→ **Recorded data**:
=-=-=-=-=

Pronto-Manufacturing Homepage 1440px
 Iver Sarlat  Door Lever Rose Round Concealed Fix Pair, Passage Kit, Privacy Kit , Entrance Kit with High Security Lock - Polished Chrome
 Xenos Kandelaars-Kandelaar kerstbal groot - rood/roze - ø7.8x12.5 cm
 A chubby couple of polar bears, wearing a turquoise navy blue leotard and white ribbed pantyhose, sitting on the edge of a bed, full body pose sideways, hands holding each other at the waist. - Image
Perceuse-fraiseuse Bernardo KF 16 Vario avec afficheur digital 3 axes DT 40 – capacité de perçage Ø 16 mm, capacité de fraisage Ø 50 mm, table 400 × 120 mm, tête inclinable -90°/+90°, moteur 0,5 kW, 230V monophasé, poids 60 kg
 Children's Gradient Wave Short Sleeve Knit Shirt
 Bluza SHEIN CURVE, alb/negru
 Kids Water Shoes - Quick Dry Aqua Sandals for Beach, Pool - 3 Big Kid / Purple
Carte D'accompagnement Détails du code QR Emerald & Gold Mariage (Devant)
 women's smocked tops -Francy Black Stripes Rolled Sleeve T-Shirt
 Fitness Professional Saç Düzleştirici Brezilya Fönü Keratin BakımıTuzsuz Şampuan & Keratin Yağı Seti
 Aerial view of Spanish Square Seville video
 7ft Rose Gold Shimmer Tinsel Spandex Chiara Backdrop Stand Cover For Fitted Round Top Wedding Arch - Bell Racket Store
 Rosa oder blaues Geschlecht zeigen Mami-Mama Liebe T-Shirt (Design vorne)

=-=-=-=-=

→ **DESCRIPTION OF THE TASK**:
Could you copy every line in the records that holds "Gold"?

→ **SOLUTION FOR THIS TASK**:
Carte D'accompagnement Détails du code QR Emerald & Gold Mariage (Devant)
 7ft Rose Gold Shimmer Tinsel Spandex Chiara Backdrop Stand Cover For Fitted Round Top Wedding Arch - Bell Racket Store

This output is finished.